Mas a estratégia da FIFA não se limita a exibir partidas de campeonatos menos badalados, que só vão ganhar visibilidade com a chancela da federação internacional. O fã de esporte também poderá acessar, na íntegra, jogos do passado da Copa do Mundo direto dos arquivos audiovisuais da entidade, a partir dos anos 1950.
O torcedor também terá acesso a uma extensa programação de documentários e séries documentais, com destaque para “Ronaldinho: o homem mais feliz do mundo”, sobre o ex-jogador Ronaldinho Gaúcho, “Dani sonho louco”, sobre a tentativa de Daniel Alves de disputar a Copa do Catar 2022 aos 39 anos, e “Chuteira de Ouro”, série documental cujo primeiro episódio terá Ronaldo Fenômeno e Gary Lineker assistindo de novo à Copa de 2002.
Um colega jornalista se deslumbrou com esse portfólio e comentou comigo ter ficado surpreso por todo o conteúdo ser gratuito. De fato, em outras plataformas, muitos desses vídeos seriam tratados como diamante.

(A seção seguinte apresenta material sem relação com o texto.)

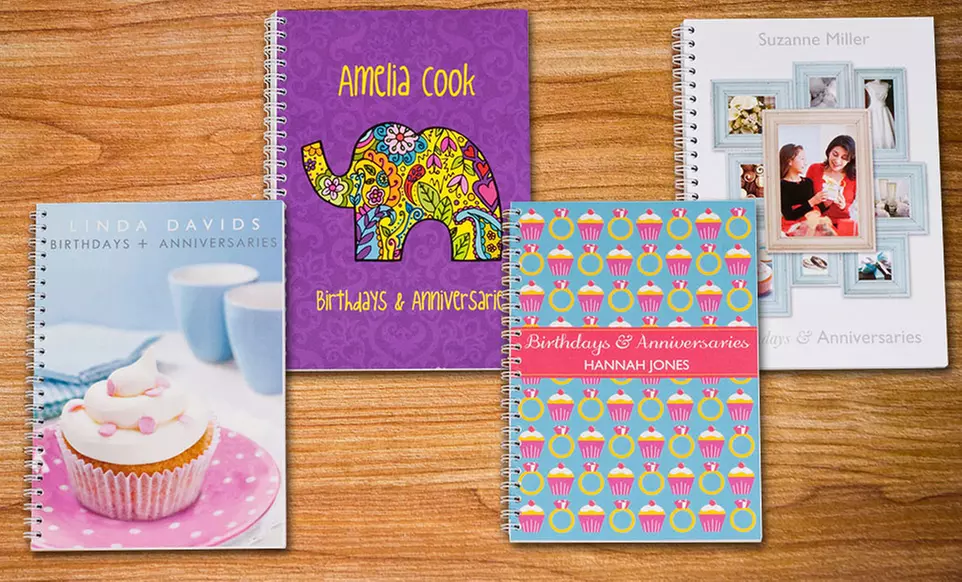 One or Two Personalized Date Reminder Books from Simply Personalized (Up to 51% Off) - Primary Image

A FIFA atravessa um momento turbulento. A Copa do Mundo do Catar 2022 pode ser uma herança maldita da era Blatter, mas acontecerá na administração Gianni Infantino, dirigente que tenta por todos os meios se distanciar das práticas espúrias e escândalos de corrupção de um passado recente.
Sob a administração do suíço-italiano, houve a promessa de melhoria de gestão e compliance, combate à corrupção, aumento dos investimentos no futebol feminino, combate ao racismo e à homofobia, e luta a favor dos direitos humanos. São esses últimos itens que são postos em xeque com a Copa no Catar.

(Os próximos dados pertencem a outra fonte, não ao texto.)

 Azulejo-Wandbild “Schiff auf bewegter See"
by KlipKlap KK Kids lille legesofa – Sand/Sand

Há duas semanas, durante o Congresso da FIFA, Lise Klaveness, presidente da Associação Norueguesa de Futebol, criticou duramente o país-sede do Mundial pela falta de direitos trabalhistas aos operários que ergueram os estádios, ausência de política de igualdade de gênero e desrespeito às pessoas LGBTQIA+.
O constrangimento aumentou semana passada, quando um dos chefes de segurança do Catar anunciou que não seriam permitidas bandeiras do arco-íris nos estádios sob a justificativa de que isso insultaria a sociedade catariana. O oficial deixou claro que, ao contrário do que prega a FIFA, a Copa não será inclusiva e diversa. À ocasião, a entidade não se pronunciou.
O embaraço se acentuou após a Anistia Internacional lançar um relatório mostrando as péssimas condições de trabalho dos agentes de segurança no Catar. Os trabalhadores são submetidos a jornadas de 12h diárias, sem direito à folga semanal e, em alguns casos, com desconto salarial caso fossem ao banheiro. A FIFA respondeu às denúncias de forma lacônica dizendo que “não aceita nenhum abuso de trabalhadores por empresas envolvidas na preparação e entrega da Copa”. É muito pouco.
Nesse contexto, os investimentos em streaming servem para conquistar corações e mentes de fãs de futebol espalhados pelo mundo. É mais uma estratégia de soft power da FIFA que será posta à prova até novembro, data de início da Copa do Catar.